An imminent departure from the Office of the Comptroller of the Currency is expected to leave its top policymaking position in derivatives vacant until after the November election.

No names have surfaced as possible successors to Douglas Harris, deputy comptroller for capital markets. But observers say the agency probably will seek someone with private-sector credentials, as Mr. Harris has. Before joining the OCC he was in charge of futures operations at J.P. Morgan & Co.

"I would expect the Comptroller's Office would want someone with Doug's type of qualifications so the agency can be at the forefront of framing the issues in this market," said Paul L. Lee, general counsel of Republic New York Corp.

Mr. Lee and others said the appointment of Mr. Harris in 1993 was fortunate for the over-the-counter derivatives market in the United States.
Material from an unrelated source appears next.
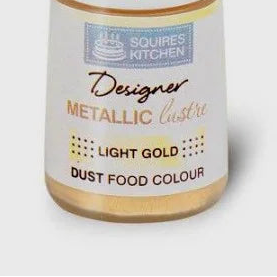 Fireproof Paper Sheet for Candle Decorations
"He was hired at a time when derivatives and off-balance-sheet items were becoming important issues from a regulatory standpoint," said Richard Whiting, general counsel and senior director with the Bankers Roundtable in Washington. "It was absolutely critical for the OCC to get up to speed on this."

At the OCC, Mr. Harris is best known for the October 1993 issuance of Banking Circular 277, which gave examiners and banks their first guidance on managing the risks of derivatives products.

A year later, Mr. Harris' office issued an advisory notice on the use of structured notes, again the first such regulatory move in this area.

His latest ruling is expected to put commercial banks on an even footing in the derivatives business.

Earlier this month, NationsBank Corp. was the first U.S. commercial bank to receive regulatory authority to establish a separately capitalized, triple-A-rated derivatives products company. The subsidiary will allow the bank to compete with securities firms and foreign banks marketing derivatives to end users who are unable to post and collect collateral. Previous applications had been withdrawn without approval from the agency.

Mr. Whiting said the agency has also undergone a "rather profound and dramatic change" in the way it performs its examinations since Mr. Harris' arrival.

"He has worked along with other regulators to foster a regulatory approach that depends less on quantitative measures of performance and compliance to one more concerned with qualitative factors like management involvement," he said.

Late last year, Mr. Harris was touted as a possible replacement for Mary Schapiro, the departing chairwoman of the Commodity Futures Trading Commission. The White House gave the nod to Washington attorney Brooksley Born, but now the confirmation process is on hold.

For now, the departing deputy comptroller said he is looking for a position in the private sector when he leaves on June 21. He said his only plans are to return to New York.

"I want to get closer to the transactions and the deals," he said. "It's just time to get back."